Exercise aim: Every record should be restated exactly, with no images included.

Supplied data:
- Opening Delimiter -

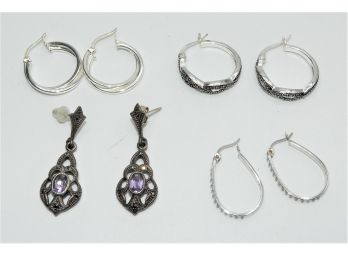 Assorted Set Of 4 Costume Silver-tone Earrings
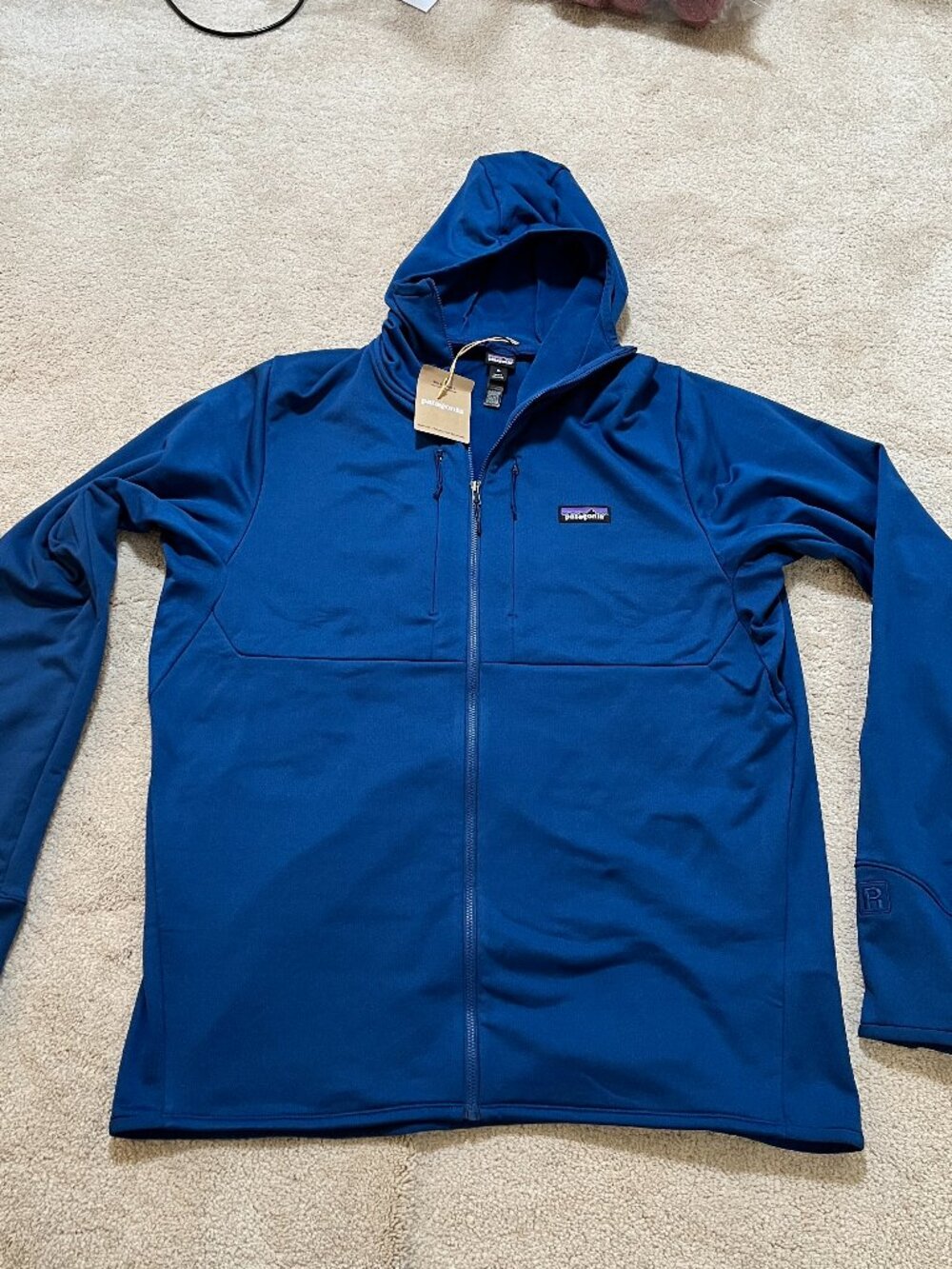 NEW Patagonia Men's R1 Thermal Full Zip Hoody Blue Size XL -MSRP $219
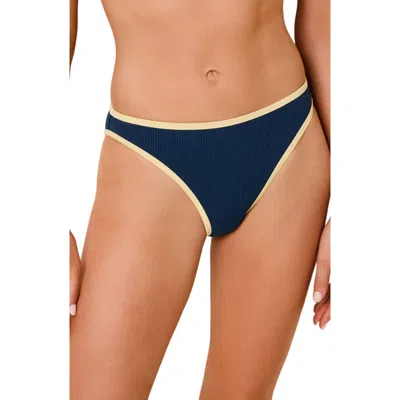 Solid & Striped The Rachel Ribbed Swim Briefs In Blue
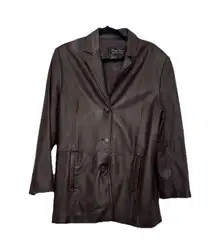 Terry Lewis Classic Luxury Women’s Soft Leather Jacket Size M Dark Brown
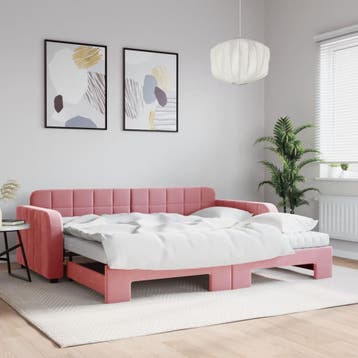 vidaXL Slaapbank onderschuifbed en matrassen 90x200 cm, 90 cm, Eenpersoons, Verzenden, Nieuw
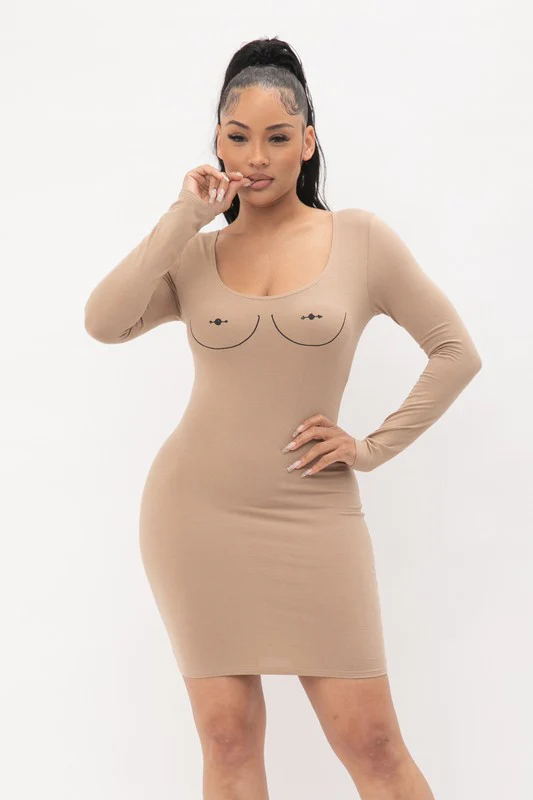 Jazmyne Beige Mini Dress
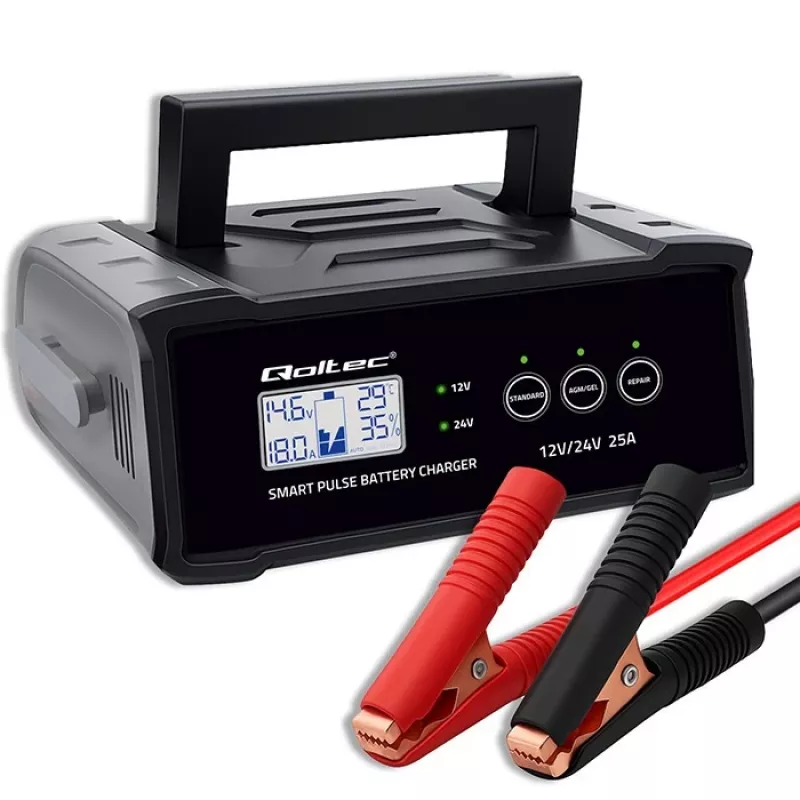 Batterieladegerät QOLTEC 52514 — 12V/24V, 25A, für AGM/GEL/SLA-Batterien mit LCD-Anzeige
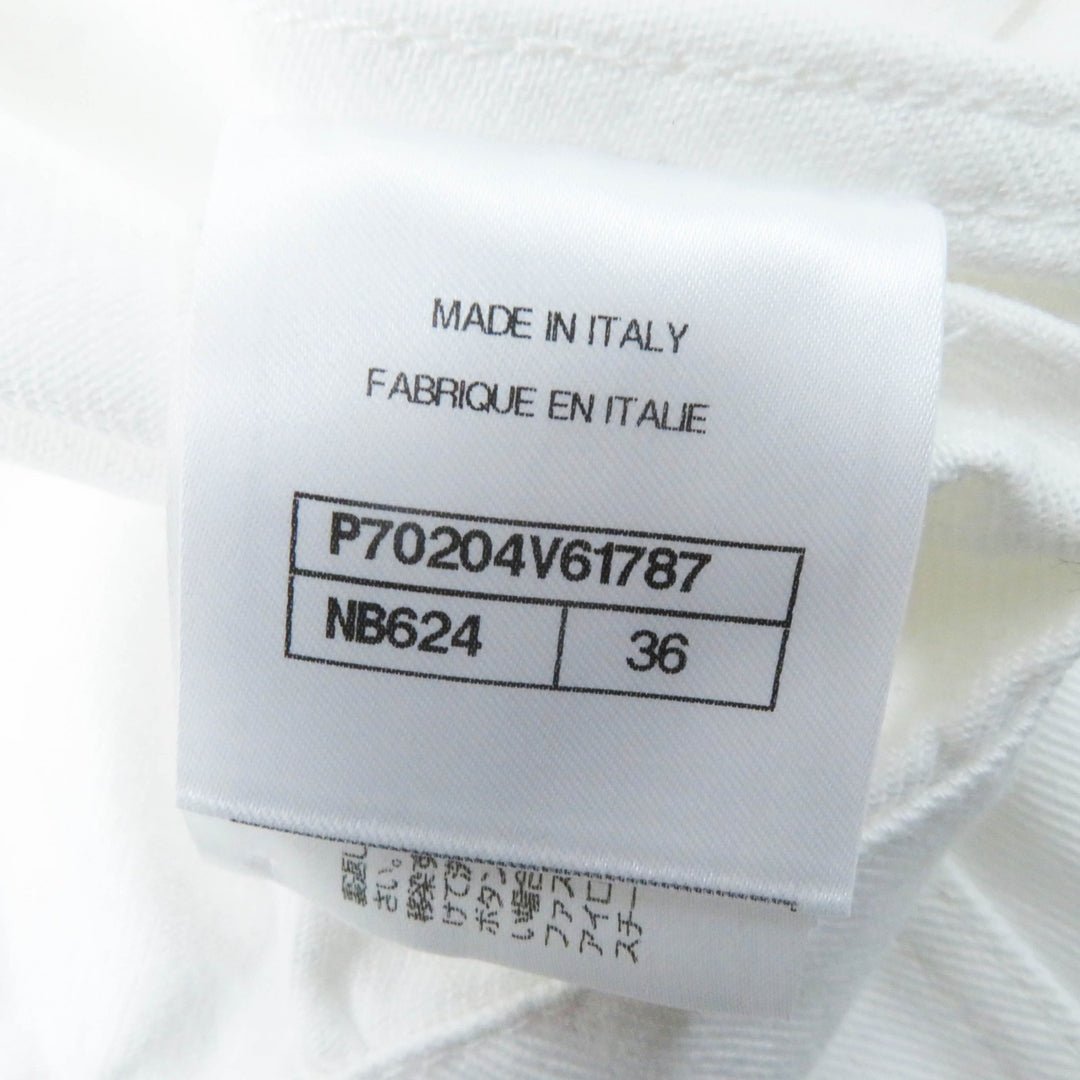 Excellent CHANEL Denim Jacket COCO Mark button, camellia embossed, white Women 36 P70204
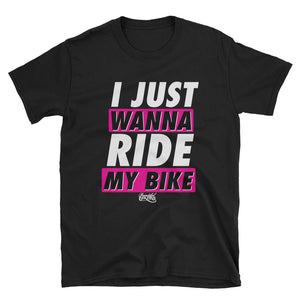 I Just Wanna Ride My Bike Block Tee - Black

- Closing Delimiter -

Task result:
 Assorted Set Of 4 Costume Silver-tone Earrings
 NEW Patagonia Men's R1 Thermal Full Zip Hoody Blue Size XL -MSRP $219
 Solid & Striped The Rachel Ribbed Swim Briefs In Blue
 Terry Lewis Classic Luxury Women’s Soft Leather Jacket Size M Dark Brown
 vidaXL Slaapbank onderschuifbed en matrassen 90x200 cm, 90 cm, Eenpersoons, Verzenden, Nieuw
 Jazmyne Beige Mini Dress
 Batterieladegerät QOLTEC 52514 — 12V/24V, 25A, für AGM/GEL/SLA-Batterien mit LCD-Anzeige
 Excellent CHANEL Denim Jacket COCO Mark button, camellia embossed, white Women 36 P70204
 I Just Wanna Ride My Bike Block Tee - Black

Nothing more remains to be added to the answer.